Is there any free XML editor/browser than can edit quite large (tens of megabytes) XML files, with built in XSLT support? Actually what I am looking for is Microsoft's XML Notepad 2007, but for OS X !


----------



## Captain Code (Mar 1, 2008)

I haven't found anything good.  There's some simple programs such as XSLPalette which can do the XSL transformation for you but the editor I've been using is TextMate.  There's also a free XSL and XML plugin for TextMate that allows you to do validation against a schema and do the XSL transformation but I haven't found any good native OS X XML editors like there are on Windows.  Actually I was somewhat considering creating one some day but that's going to be quite a bit of work.


----------



## Ghoun (Apr 11, 2008)

I use Editix: http://www.editix.com/ (starting from 70$, there was a cheaper version a few weeks ago)
Also a free version: http://free.editix.com/

Nice soft: stable easy to use for edition and schema/DTD validation (I don't use more)

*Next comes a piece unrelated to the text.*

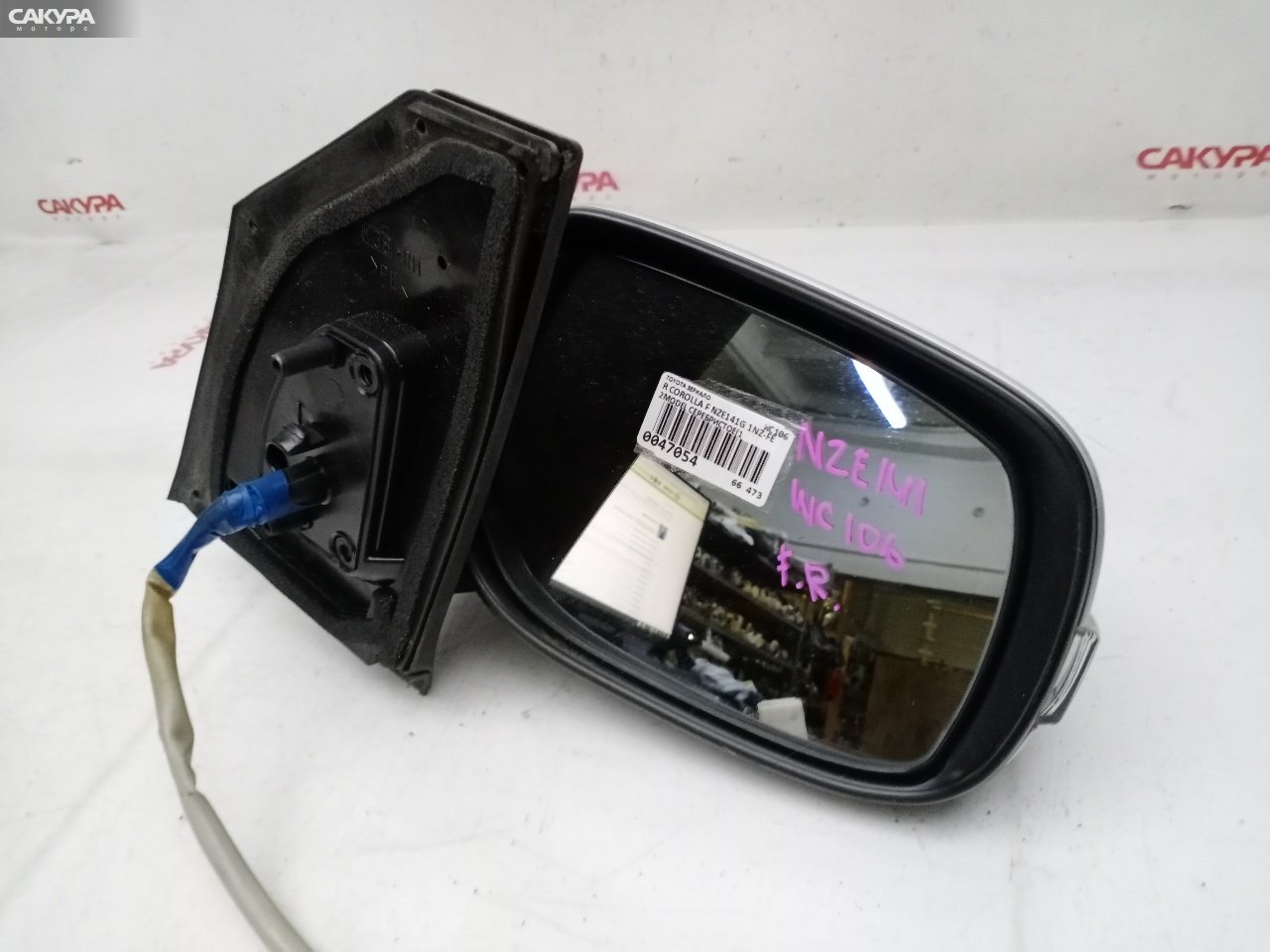 Зеркало боковое правое Toyota Corolla Fielder NZE141G 1NZ-FE: купить в Сакура Красноярск.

support also XPath and XSLT.


----------



## artov (Apr 16, 2008)

I tried the free version, but could not use xpaths; it seems you need the commercial version for that. I use XML/Notepad mainly in developing xpaths that will be embedded to code (XSL or otherwise), so an XML tool without xpath is no tool for me.


----------



## simbalala (Apr 16, 2008)

Have a look at BBEdit, there's a demo available and there are many third party extensions.

Maybe you'll like it but it's not free.


----------